Enriching duplicate records (not deleting)

  • I need to enrich records which are duplicates before I remove them.

    So no records will be deleted, only records will be enriched with each others data.

    This enriching based on the following rules:

    A record in [prospects] is a duplicate when (check in this order):

    1.If records have the same companyphone value (and companyphone is not empty)

    2.when companyphone is empty ('') then check if companyname is the same.

    3.if no match on companyname, check if cp_email is the same.

    When duplicates are found, it must be made sure that all duplicates share the same values for the columns (except "id" column).

    Records in [prospects] that share the same 'companyname' can have different data (e.g. for companyphone, companyemployees etc). So the data for these duplicate records needs to become the same. For those records the following may be done: the highest value of a certain column may be used for all duplicate prospects. e.g.: if companyname "Microsoft" occurs 3 times, and the value for companyeployees is 100.000, 90.000 and 76000, the value for all these duplicate records may become "100.000". This MAX rule applies on all columns in prospects (except "id" column).

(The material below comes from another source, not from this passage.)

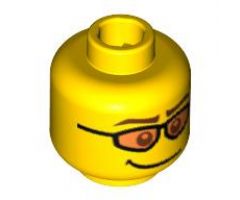Minifigure, Head Glasses with Orange Sunglasses, Brown Eyebrows and Crooked Smile Pattern - Blocked Open Stud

    Normally I'd be glad to get tips on how to contruct the SQL, but time is short, so if anyone can provide me with the working script, I'd be very very thankful! 🙂

  • petervdkerk (10/18/2011)


    I need to enrich records which are duplicates before I remove them.

    So no records will be deleted, only records will be enriched with each others data.

    This enriching based on the following rules:

    A record in [prospects] is a duplicate when (check in this order):

    1.If records have the same companyphone value (and companyphone is not empty)

    2.when companyphone is empty ('') then check if companyname is the same.

    3.if no match on companyname, check if cp_email is the same.

    When duplicates are found, it must be made sure that all duplicates share the same values for the columns (except "id" column).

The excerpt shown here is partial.